On Dreaming the Future


Photo: Presence by maistora.

Rewind to ten years ago.

In 2002, the iPod had just hit the market the previous year. Netflix hadn’t had their first profitable year yet. It was still 2 years until Facebook, MySpace, Flickr, GMail, or Orkut were officially introduced. The next year came YouTube, and the following year came Twitter. Wordpress wasn’t born until 2003. jQuery was still 4 years from being announced. Blackberry wasn’t released in the US until the next year.

Windows XP was only a year old, and at the beginning of 2002, IE5 still held about 50% of the browser market. What would later become Firefox was released; Safari still didn’t exist.

There are plenty of other interesting and fairly surprising facts about how much the world has changed in ten years. Without going into detail, think 20 years back. You know, when cordless phones in your house were a big deal.

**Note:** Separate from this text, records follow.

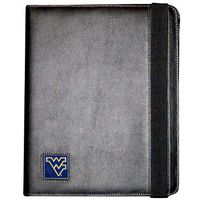 NCAA West Virginia Mountaineers iPad 2 Case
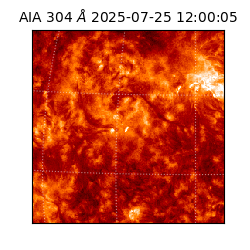 saia - 2025-07-25T12:00:05.130000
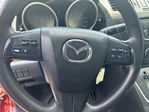 Mazda 5 2012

What an incredible leap forward! And yet, we can see these types of advancements throughout history. In less than 70 years, humans went from not being able to fly whatsoever, to flying to the moon — and walking on it.

The creative technologists are the ones who could see it coming.

The truth of the matter is, we now can barely imagine a world without social media. We can’t imagine searching a library for a quote. It seems crazy to think that any major corporation wouldn’t be found on Google. But let’s think about how these ideas sounded ten years ago.

“Within seconds, you and almost a billion others will be connected to your entire social sphere. You’ll have unlimited space to share photos. Oh, and it will be free.”

“You will be able to look down at a phone (that is touchscreen, by the way) and know exactly where you are. Places nearby will be digitally indexed and at your fingertips, and you’ll be able to connect to the entire internet in seconds.”

“Mobile, handheld HD Video and picture sharing will be commonplace. Video phones will begin to take over the market. Anyone will be able to publish content to the web with little to no knowledge of web technology.”

“Your music, photos, videos, contacts, documents, and anything else you want will be available at any time by a persistent server grid that is potentially hundreds or thousands of miles away from you called ‘the cloud’.”

These statements would sound lofty if you think about what didn’t exist in 2002, in the same way that “going to the moon” likely sounded impossible to the Wright brothers. But indeed, all of these things came true. The creative mind can imagine these things, however, without constraining to existing technology or even projections or timeline parabolas explaining the course technology might take. Imagining a progression of technology is nearly impossible to do, as technology is largely based on discovery and experimentation; discovery and experimentation are close relatives to creative thinking.

So what should we imagine today? It’s almost certain that what we think can happen will be far surpassed. Will the internet become traversable by consciousness? Will governments divorce spatial boundaries and instead create “The State of Facebook”? Will Facebook and Twitter be gone? Or will they overgrow? Will ubiquitous computing become an abundant reality? Will robotics advance into a state of semi-autonomy?

I’m not suggesting we get lost in thought about a robotic army or try to figure out what is going to happen next in the grand scheme of the Internet.

But what we do need to do, as the designers of the future and creative innovators, is allow our minds to open up to possibilities that we once may have thought were inconceivable, impossibly unprofitable, or just plain bad ideas. Truly removing the boundaries we place on our thoughts might open us up to the risk of a bad idea — but it’s also the only way we can really empower our creativity and surpass technological boundaries with vision.